Daughters Have Equal Rights In Ancestral Property, Even If They Were Born Before Enactment Of Hindu Succession Act, Holds Supreme Court [Read Judgment]
Feb 4th 2018, 09:07, by Sukriti

Manu Sebastian

The Supreme Court has held that daughters who were born before the enactment of Hindu Succession Act 1956 are entitled to equal shares as son in ancestral property.  The ruling was rendered in an appeal filed by daughters challenging a decree in a partition suit, which excluded them from partition.

 The partition suit was filed by the grandson of the deceased propositus of a joint family in 2002. The Trial Court held that daughters were not entitled to share in property, as they were born before 1956, the year of enactment of Hindu Succession Act. The Trail Court also denied them the benefit of 2005 amendment, which conferred equal coparcenary status to daughters as sons.  The High Court upheld the decree of the Trial Court.

The Supreme Court held that the Courts below erred in holding that daughters were not entitled to partition because they were born before 1956. It was held that according to Section 6 of the Act ,when a coparcener dies leaving behind any female relative specified in Class I of the Schedule to the Act(which includes a daughter), his undivided interest in the Mitakshara coparcenary property would not devolve upon the surviving coparcener by survivorship but upon his heirs by intestate succession.  Therefore, the interest of the deceased coparcener would devolve by intestate succession on his heirs, which included his daughters.

The Court also held that the daughters were entitled to the benefit of 2005 amendment as well, and on that basis also they were entitled to shares.  It was settled in Prakash v. Phulavati (2016) 2 SCC 36 rights under the amendment area available to daughters living on the date of amendment, irrespective of when they were born.  In the instant case, the bench comprising Justice A.K Sikri and Justice Ashok Bhushan explained it further, and stated that the amendment declared that a daughter ‘shall by birth’  became coparcener in her own right in the same manner as son. Hence, the daughter will get coparcenary right by virtue of the amendment, ‘since birth’. It was observed as follows :-

Section 6, as amended, stipulates that on and from the commencement of the amended Act, 2005, the daughter of a coparcener shall by birth become a coparcener in her own right in the same manner as the son. It is apparent that the status conferred upon sons under the old section and the old Hindu Law was to treat them as coparceners since birth. The amended provision now statutorily recognizes the rights of coparceners of daughters as well since birth. The section uses the words in the same manner as the son. It should therefore be apparent that both the sons and the daughters of a coparcener have been conferred the right of becoming coparceners by birth. It is the very factum of birth in a coparcenary that creates the coparcenary, therefore the sons and daughters of a coparcener become coparceners by virtue of birth. Devolution of coparcenary property is the later stage of and a consequence of death of a coparcener. The first stage of a coparcenary is obviously its creation as explained above, and as is well recognized.
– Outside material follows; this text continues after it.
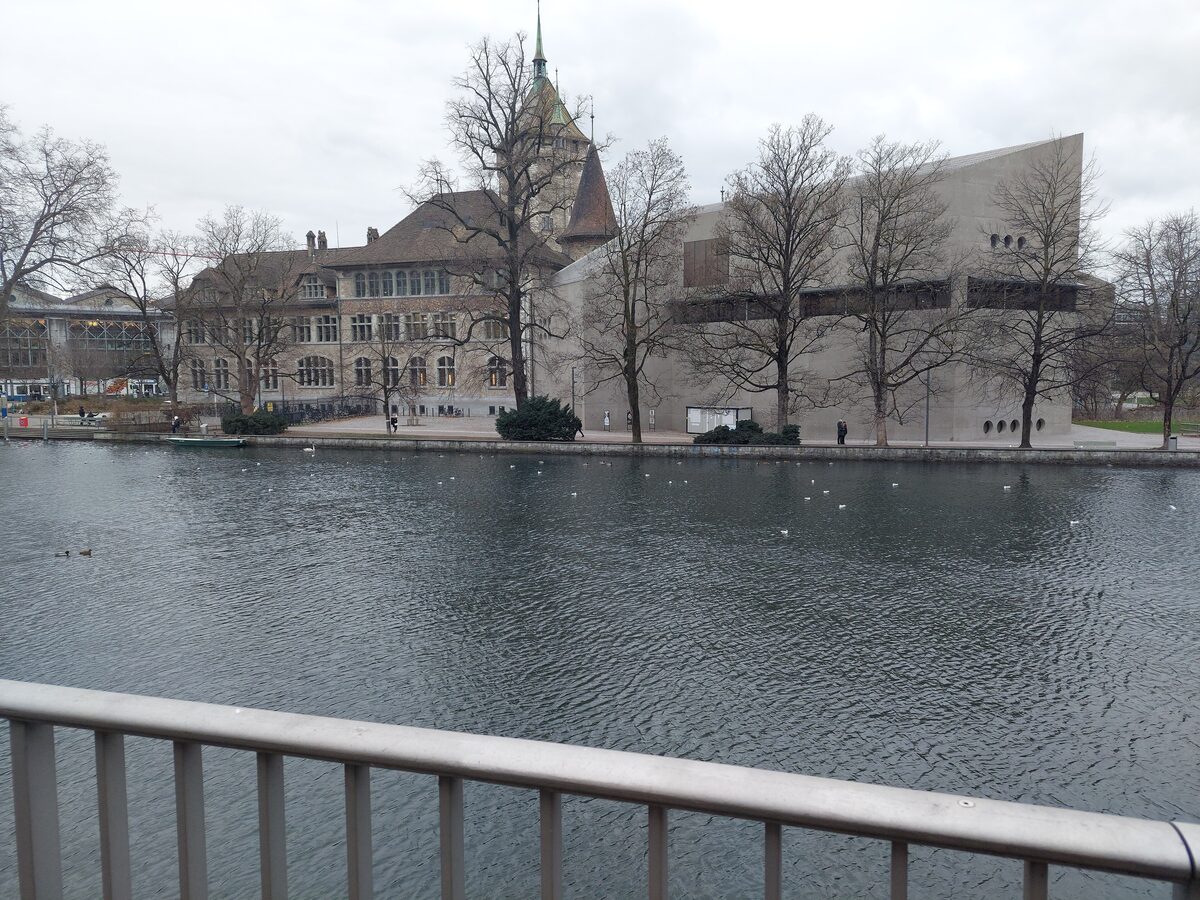 The Swiss National Museum's castle-style building across the Limmat, with the modern extension to the right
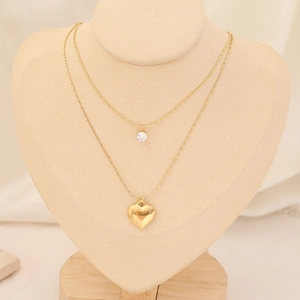 Detail of a gold double-layer necklace featuring a heart pendant and zircon stone on a bust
Also, the fact that the partition suit was filed in 2002 was held to be inconsequential. The Court stated that so far as partition suits are concerned, the partition becomes final only on the passing of a final decree. The decree was passed in 2007. Here, the rights of the daughters got crystallised in 2005, and hence the Trial Court ought to have taken into account that aspect while passing decree in 2007.

The Court also observed that 2005 amendment was brought in on the touchstone of equality, thus seeking to remove the perceived disability and prejudice to which a daughter was subjected.

The fundamental changes brought forward about in the Hindu Succession Act, 1956 by amending it in 2005, are perhaps a realization of the immortal words of Roscoe Pound as appearing in his celebrated treaties, The Ideal Element in Law, that “the law must be stable and yet it cannot stand still. Hence all thinking about law has struggled to reconcile the conflicting demands of the need of stability and the need of change.- the Bench observed.

Hence, it was held that shares will devolve on the daughters as well.